However, most men take it to mean they have the final say in what happens in the house.

There are times when major decisions need to be taken and the input of the wife becomes necessary...
Men tend to act spontaneously but women tend to look at the finer details before making up their minds.
In some cases, the man rejects the opinion of his wife to his own detriment.

A lady friend once complained that she had stopped worrying about what her husband decided to do in the house.
This is because her husband never took her advice for anything; that she did not know anything.

My opinion and practice has been to consult each other so that both will share the profit or loss therein.
Common situations when the couple should agree with each other include the following:

1. Education: Public vs Private school for the children. what is the superior argument for/against each?

2. Transportation: What make and size of car to buy.
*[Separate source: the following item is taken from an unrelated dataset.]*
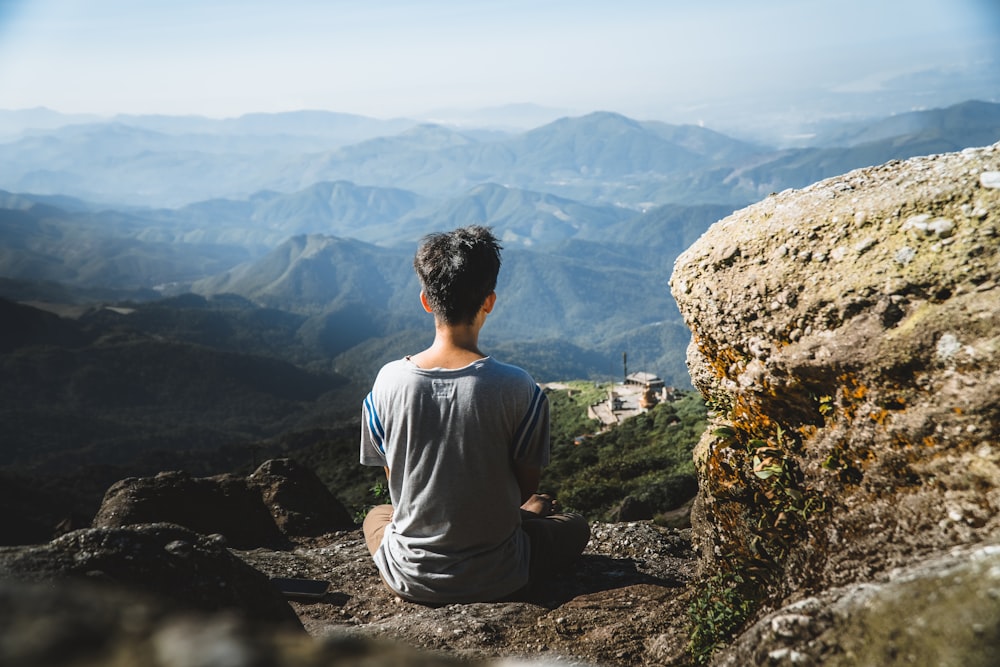 um homem sentado no topo de uma montanha olhando para as montanhas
Do you need a car at the moment given other responsibilities?
The lady I talked about advised against a particularly expensive car. Husband went ahead to buy.
Not long after, car was sold because maintenance was drilling holes in the family pocket.

3. Housing: Should you erect a bungalow as family house over 6 months period or make it a storey house over 2 years?

4. Business: Should you go into that business or does she object to your partnership with X?
A lady advised against her husband starting a consultancy business because she didn't think it would be lucrative.
In one year, only very few people came in for mere enquiries. It folded and all those office furnishings now occupy space at home.

5. Help: extended family members and in-laws will definitely need help, mostly financial.
Who should be helped and to what extent is usually a burning issue. Wife is most likely to cry of marginalisation of her people.

Now my personal dilemma.

Our family building has reached the stage for the roof fascia and the tall concrete columns of the front porch.
Wife prefers the pillars square instead of circular because they say it is the vogue now and you can install marbles on the walls.
I prefer the circular columns because of its Gothic appearance. Besides, it does not go out of fashion.

We are agreed on not using in-situ concrete parapet because of weight, cost and other considerations.
The new thing now, they say, is Polystyrene parapet. Alternative is aluminum. These are expensive plus will need regular maintenance.

I do not want to spend money on mere external beautification that does not add function to the house.
Severally, we have brainstormed on what is the essence of a parapet/fascia. Do we need to divert so much money to it.

Going by the size of our building (sitting room, kitchen and 5 rooms on the ground floor), we will need arm and leg for those fancy fascia.
My argument is to use the good old thick long span aluminum for the fascia and soffit so we can do other things with the money saved.
My fear generally is that soon, faults will be found in these new things and other new materials will replace them.

We have not concluded. I am still researching on these options.

I have narrated this story to emphasise the need to consult our spouses before we make major decisions in the family.
The man may not know it all. The woman, too, may not be as knowledgeable as her husband in that particular matter.

My opinion anyway.

1 Like

Re: Carryng The Wife Along In Making Family Decisions by jahlid(m): 7:39pm On May 29, 2017
It takes a gentleman to agree with you. I personal would have made alot of expensive mistakes if not for my spouse.
Re: Carryng The Wife Along In Making Family Decisions by babythug(f): 9:53pm On May 29, 2017
It takes a man with a certain level of exposure to embrace what you've preached up there actually!